Eric’s birthday was last week and true to form, he asked for a birthday pie. Since the strawberries are early this year, I decided strawberries it had to be. My mom was down visiting for spring break, entertaining Greta and me while I baked this. She mentioned she had just read about using a mystery ingredient to make pie crusts the best they can be.
Read on to find out what I added and how and why it improved my pie crust.
For the filling:
4-1/2 cups sliced fresh strawberries (the more you use, the higher your pie will stand when baked)
2 tablespoons lemon juice
1 cup sugar
1/4 cup instant tapioca power (because strawberries have no pectin and need this to gel)
2 tablespoons butter
1. Mix together in a medium mixing bowl. Let stand while preparing the crust.
For the crust:
2-1/4 cups all-purpose flour
2/3 cup shortening
6 tablespoons ice cold water
2 tablespoons vodka (WHAT?!?!)
1. Preheat oven to 425. In a medium mixing bowl, use a pastry blender to cut in cold butter until pieces are coarse crumb size.

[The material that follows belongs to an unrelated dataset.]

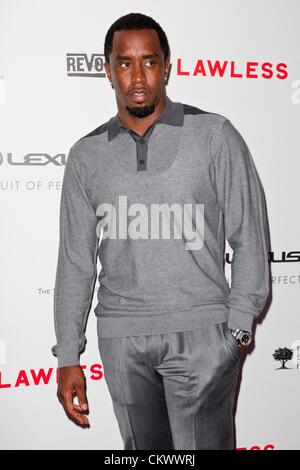 22. August 2012. Sean Combs bei der Ankunft für GESETZLOSE Premiere, der ArcLight Kinos Hollywood, Los Angeles, CA 22. August 2012. Foto von: Emiley Schweich/Everett Collection Stockfoto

|The most important pie baking tool.
2. Sprinkle 1 tablespoon ice cold liquid at a time; gently toss with fork. Push moistened dough to side of bowl. Repeat using rest of liquid. Dough will be dry, do NOT give into temptation to make dough moister by adding more liquid. This will make your dough tough. Divide dough in half; form into a ball.
3. On a lightly floured surface, use your hands to flatten ball of dough. Roll dough from center to edges into a circle 12 inches in diameter. Do not overwork the dough and do not allow dough to warm up.
4. Carefully transfer dough to pie pan, by wrapping around a rolling pin, not allowing it to stretch.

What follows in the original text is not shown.